_DATA EXTRACT_
- - - - - - -

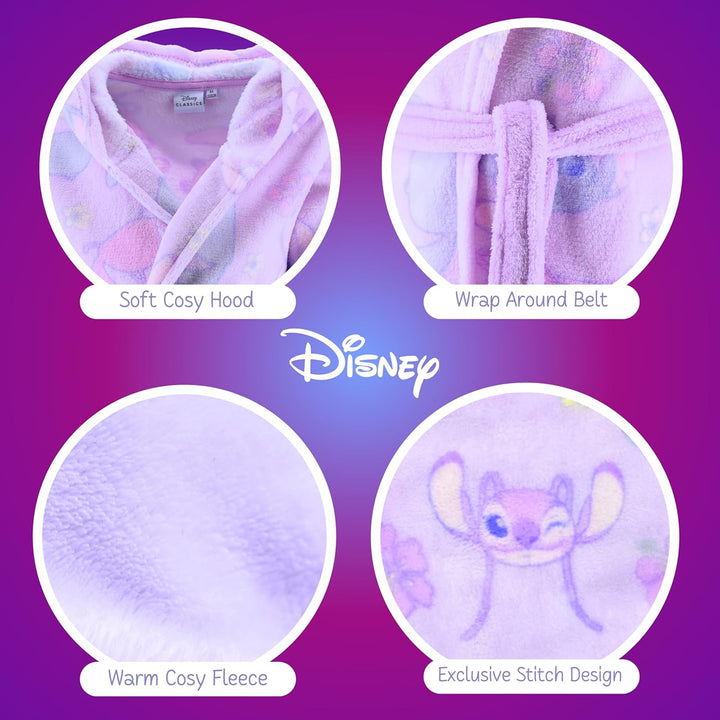Disney Stitch Bademantel für Mädchen, Warmer und Weicher Fleece Morgenmantel Geschenk für Mädchen, G
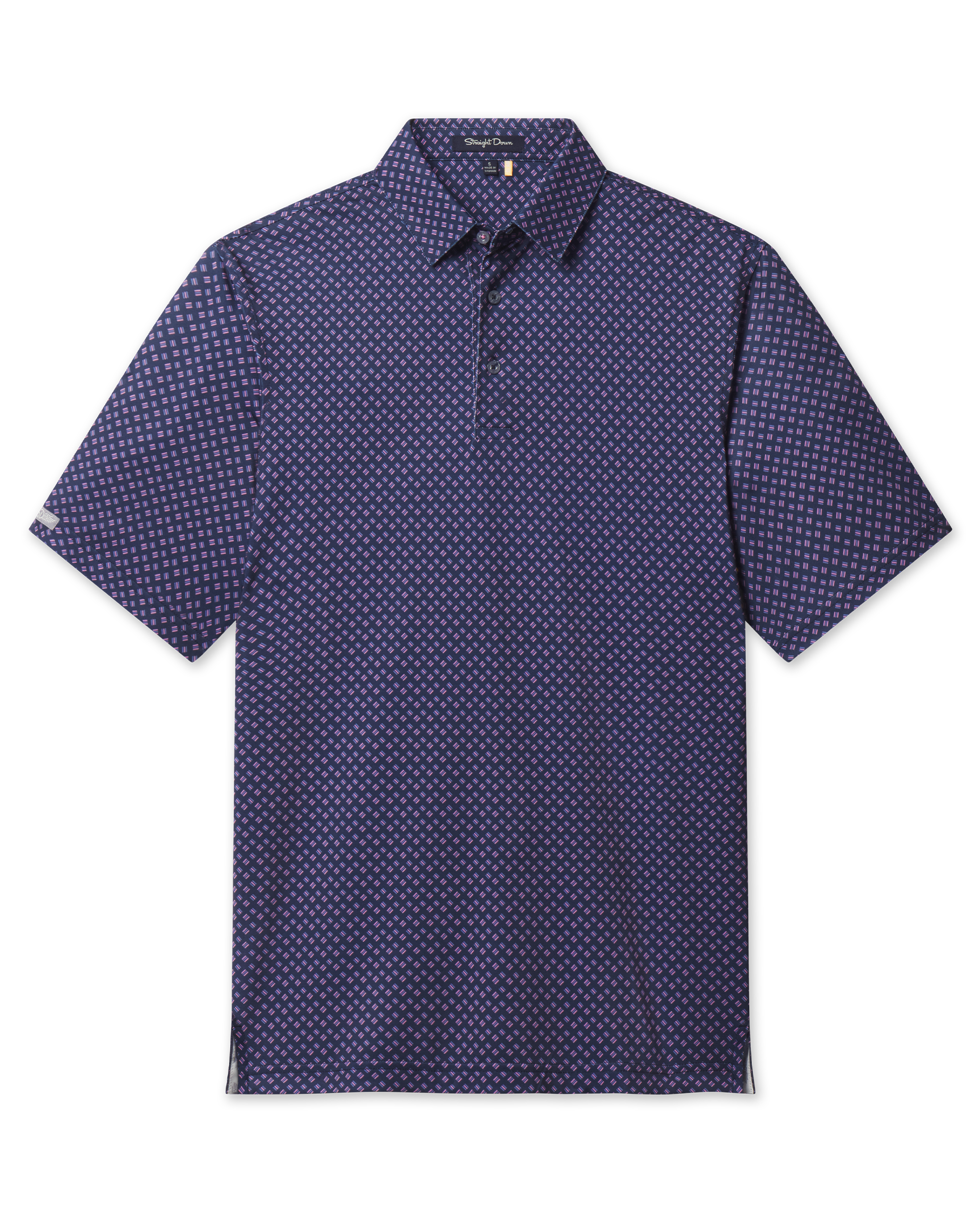 Banksville Polo in Tidal Blue featuring a navy base with a refined pink geometric pattern and short sleeves, front view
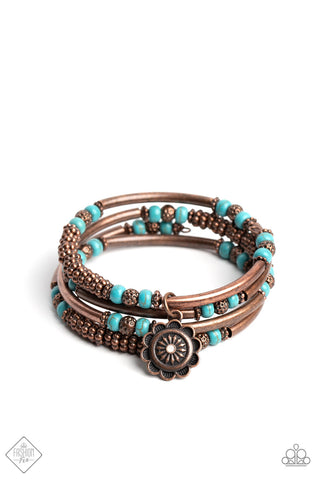 BADLANDS BUNCH - COPPER AND TURQUOISE BEAD COIL BRACELET - PAPARAZZI FASHION FIX FEBRUARY 2023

- - - - - - -

_REQUIRED ACTION_
From the first line to the last, transcribe the listing exactly; skip the pictures.

_REPLY TO THE EXERCISE_
Disney Stitch Bademantel für Mädchen, Warmer und Weicher Fleece Morgenmantel Geschenk für Mädchen, G
 Banksville Polo in Tidal Blue featuring a navy base with a refined pink geometric pattern and short sleeves, front view
 BADLANDS BUNCH - COPPER AND TURQUOISE BEAD COIL BRACELET - PAPARAZZI FASHION FIX FEBRUARY 2023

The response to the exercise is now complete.